Initially I used to commute; there were still fires here, Hoesch was still going, it was bright as day at night, the mines were still open. I also experienced the period of high unemployment. This city is open, honest, warm-hearted. It really is a great place to live. Since '97, I've been living at Westfalenpark and I am very, very happy here, feel very comfortable. The only thing still missing is a star on the street with my name on it (laughs)...

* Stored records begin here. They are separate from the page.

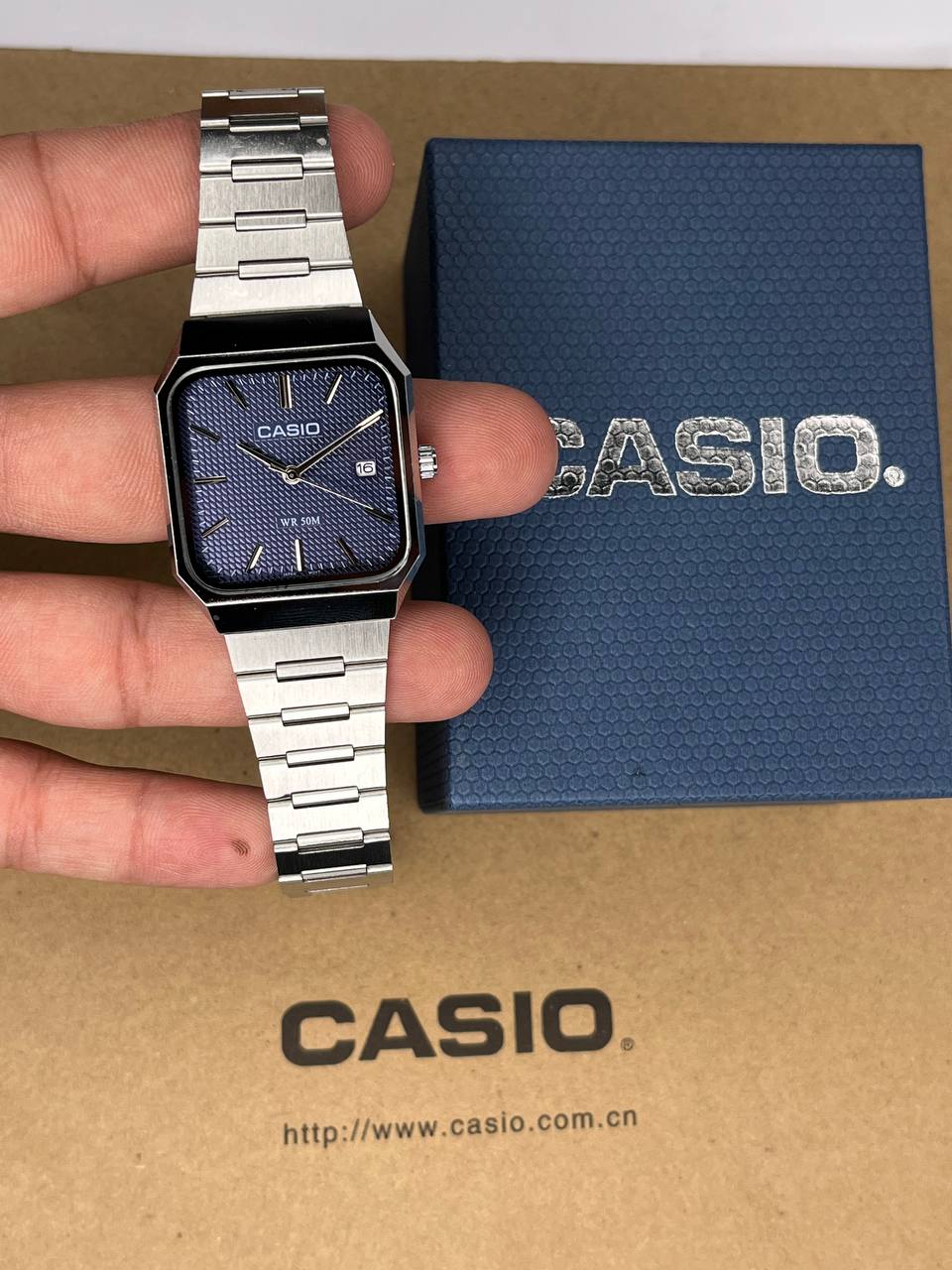 ساعت کاسیو مردانه استیل صفحه سرمه‌ای Casio AMW-B185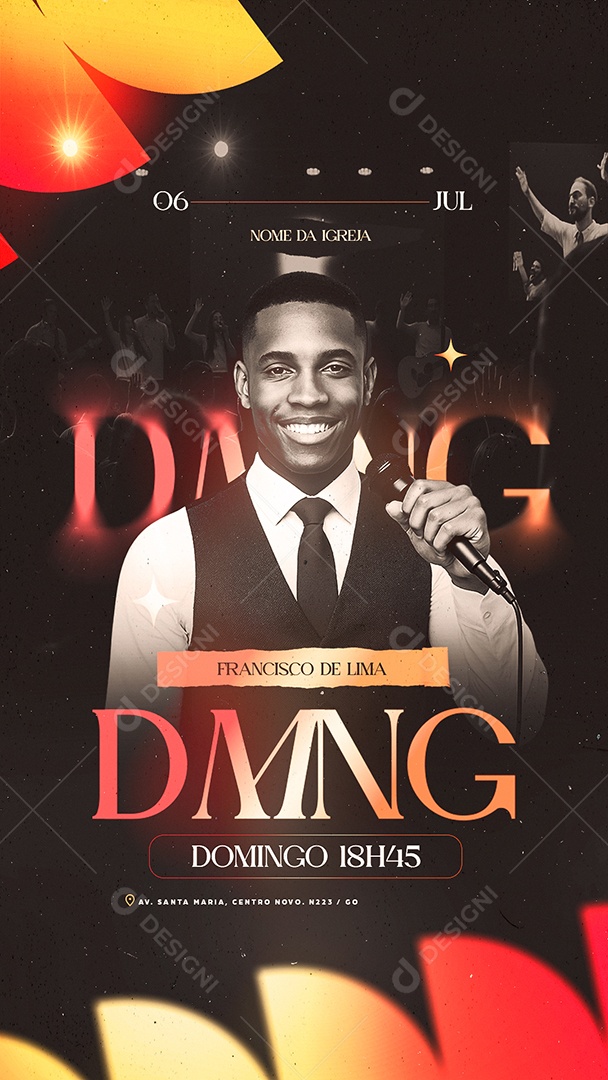 Story Flyer Gospel Domingo Social Media PSD Editável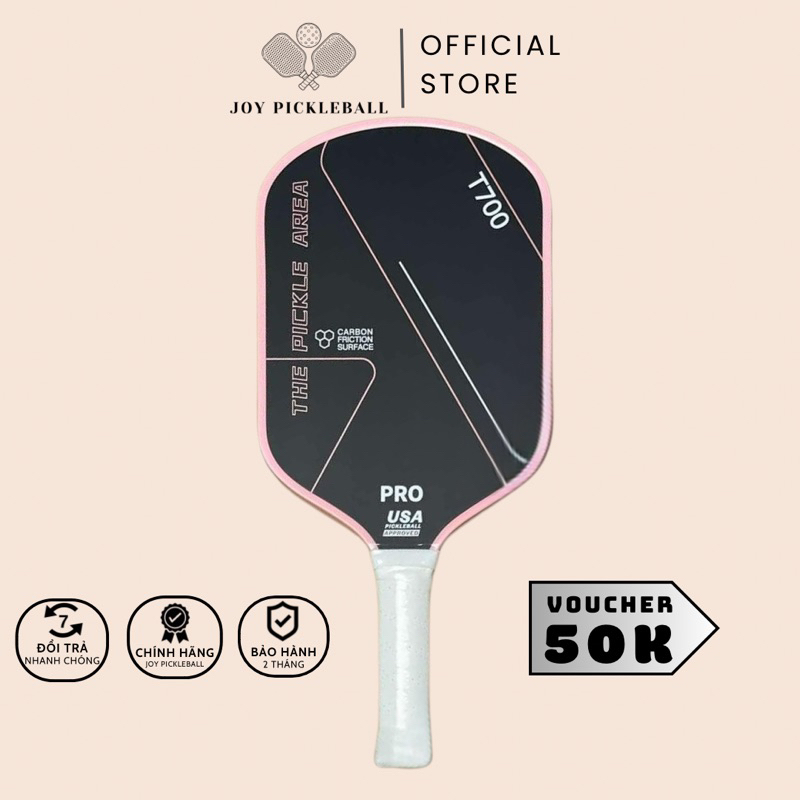 Pickleball racket T700 PRO Pink rim, super rough carbon surface ...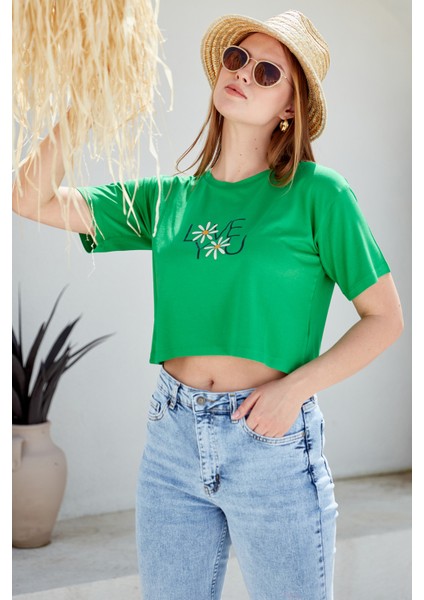 Oversize Baskılı Crop T-Shirt - Yeşil modelleri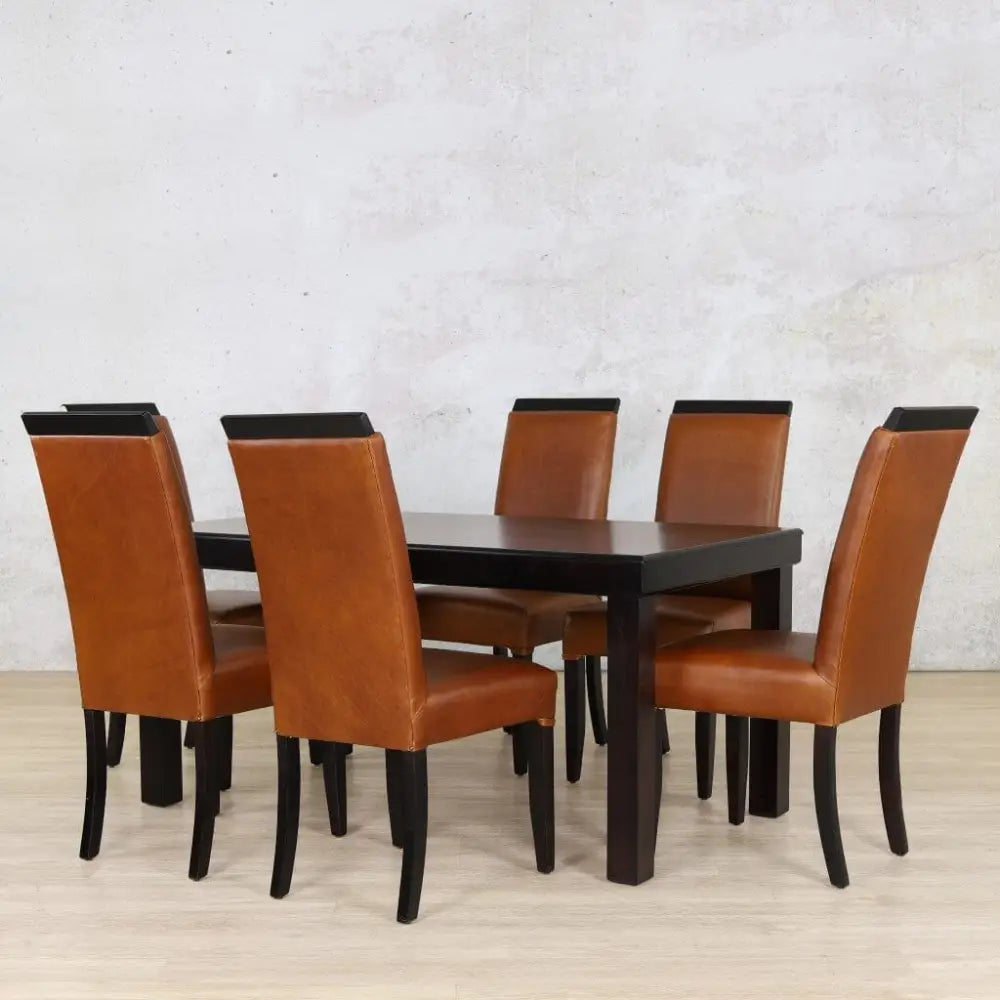 Urban Leather Dining Set - 6 Seater - Dining room set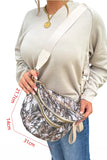 Camouflage Print Gold Chain Strap Zipper Crossbody Bag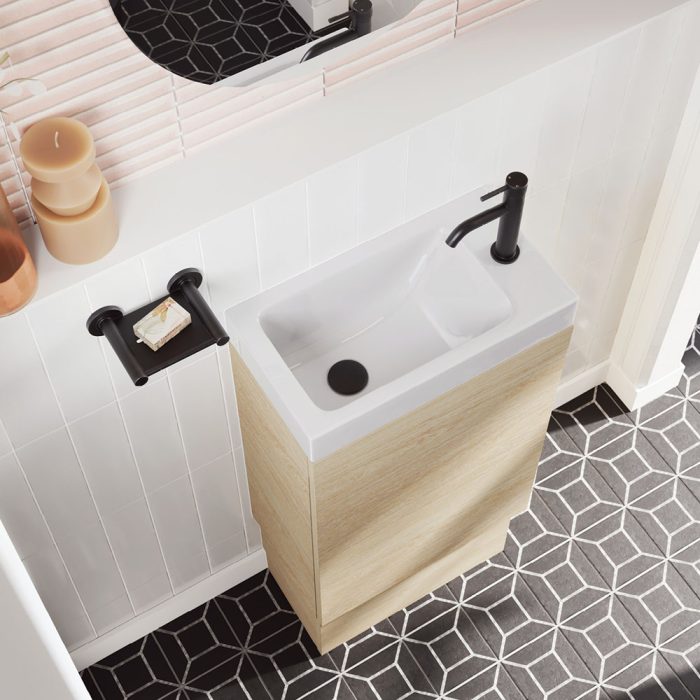 Denzel Slim Ensuite Depth Ceramic Basin-Top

The star would only need to be inscribed with a (drawn-out) first name: "Knuuuuuut" – everyone in Dortmund would know who it referred to.
Boris Rupert

German champion and Champions League winner

Knut Reinhardt played for Borussia Dortmund between 1991 and 1998, making 225 appearances for the Black & Yellows. The dynamic midfielder, who boasted a powerful left-footed shot, helped BVB finished as runners-up in his first season, and was then one of the driving forces the following season on the journey to the Champions League final against Juventus. His highlights came between 1995 and 1997, as he won two German titles and the UEFA Champions League. The Hilden native, who was born on 27 April 1968 and came through the ranks at Bayer Leverkusen, with whom he won the 1988 UEFA Cup Winners' Cup, made seven senior international appearances and ended his career at 1. FC Nuremberg in 2000 following seven knee operations. Since February 2009, Knut Reinhardt has been working as a teacher.